E diversos outros aspectos da realidade contribuem para dissipar a sensação desconfortável de que tudo vem mudando depressa demais. Na segunda-feira passada, o Rio de Janeiro viveu talvez a sua mais acirrada batalha campal — a ser conhecida nos futuros livros de História como a Batalha do Acari, evento que marcou a evolução da nossa adiantadíssima violência urbana, ainda sem morteiros e canhões, mas com direito a granadas, utensílio doméstico de uso crescente, e saraivadas de balas em 12 ou 13 carros da polícia. Novidade? Não muito, porque já temos experiência para saber que se trata somente de um episódio da evolução da atual conjuntura, que atual permanecerá, com as subseqüentes declarações das autoridades sobre como isso não pode prosseguir e medidas enérgicas serão prontamente adotadas.

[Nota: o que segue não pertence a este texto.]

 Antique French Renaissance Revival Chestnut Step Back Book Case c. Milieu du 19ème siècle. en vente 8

Na área econômica, também permanecemos imersos na conjuntura. O desemprego, dizem aqui as folhas, nunca foi tão alto na América Latina e o Brasil não deve estar mal no ranking. Além disso, com uma legislação "social" que obriga o dono do boteco da esquina aos mesmos ônus que as multinacionais e bancos (ou mais, porque há bancos que não pagam imposto de renda), os trabalhadores não-registrados são talvez a maioria e continuarão a ser. Até porque a instituição de um imposto único, não-declaratório, tida por vários especialistas como ideal, jamais será implantada, pois que fim se daria à vasta estrutura vigente, da oficial à dos despachantes? Quem quer reduzir drasticamente a sonegação e seu séquito de aberrações almeja criar, isso sim, novo e gravíssimo problema social. Irresponsabilidade, portanto, de quem sugere consertar o que parece errado, pois isso acarretaria prejuízos irreparáveis a vastos setores da coletividade.

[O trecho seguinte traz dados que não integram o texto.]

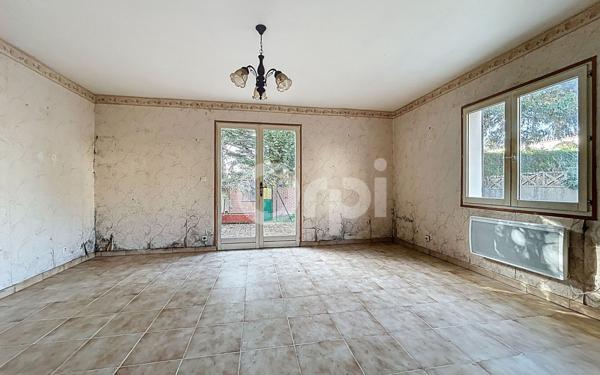 Maison à vendre    3 pièces •  Chantilly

No dia-a-dia, também há novidades apenas aparentes. Nós brasileiros, por exemplo, estamos nos tornando cidadãos conscientes, já não partimos sempre para o desforço físico, a fim de resolver situações conflituosas. Recorremos aos juizados de pequenas causas, que aceleram a Justiça e representam grande progresso. Há, porém, o pormenor de que esses juizados estão congestionados e processos levam mais de três anos para serem examinados, ou seja, a conjuntura não mudou. E, se não tem havido mais assassinatos dolosos em hospitais públicos, botaram veneno de rato no cafezinho de um colégio público carioca, coisa corriqueira, natural expressão da revolta de algum funcionário ou aluno injustiçado, que jamais será descoberto e muito menos punido, da mesma forma que os passantes continuam podendo ser comidos por um pitbull a qualquer oportunidade. A atual conjuntura, mais uma vez, se mostra intacta.

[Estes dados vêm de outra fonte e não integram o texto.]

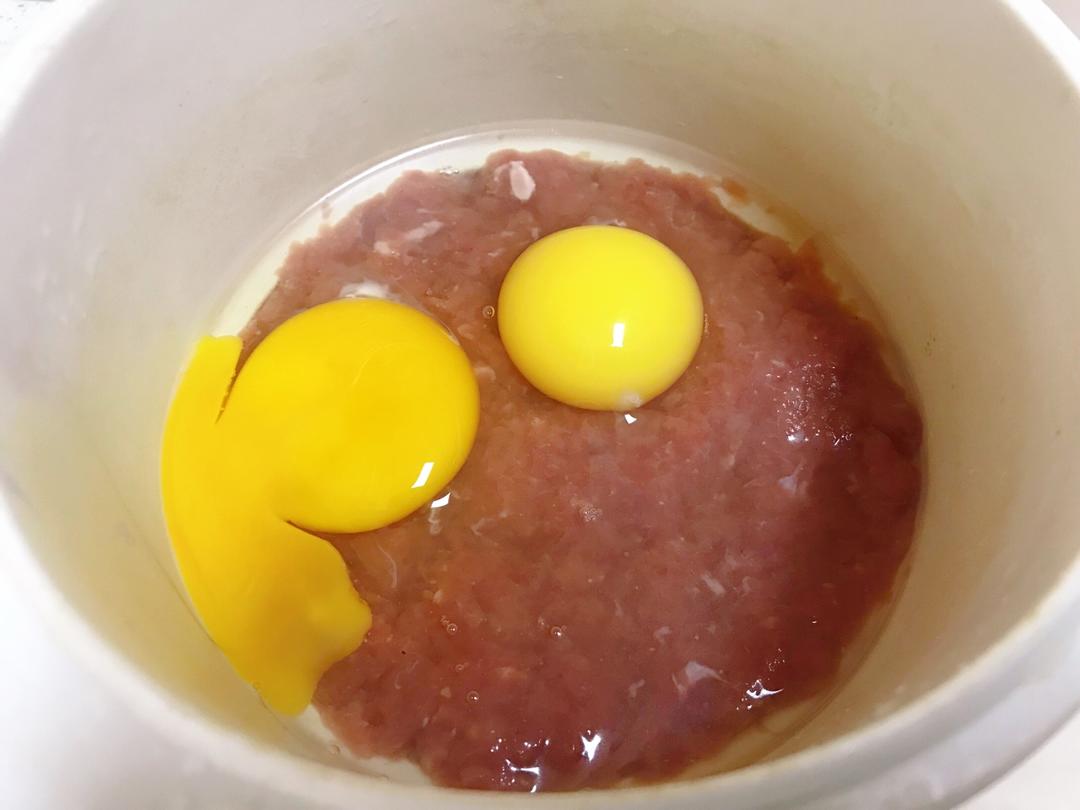 鸡蛋肉饼汤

A não ser, é claro, pelas boas novidades, que os derrotistas não reconhecem. Como as reportagens internacionais sobre a mais recente estrela de nossa pauta de exportações: mulheres decididas a mostrar lá fora, mediante o ingresso de algumas divisas, o que é que a brasileira tem. E o mercado para cursos de sobrevivência na selva, potencial riquíssimo? E a praia de nudismo do Rio, coisa de Primeiro Mundo? A conjuntura permanece e se aperfeiçoa. Virá o dia em que a profissão de catador de lixo será regulamentada (e submetida a taxação, é claro) e se fundarão os primeiros cursos universitários de catador de lixo. Com má vontade é que não se vai para a frente, é o que sempre repito.
Esta crônica foi publicada pelo jornal O Globo em 26/10/2003.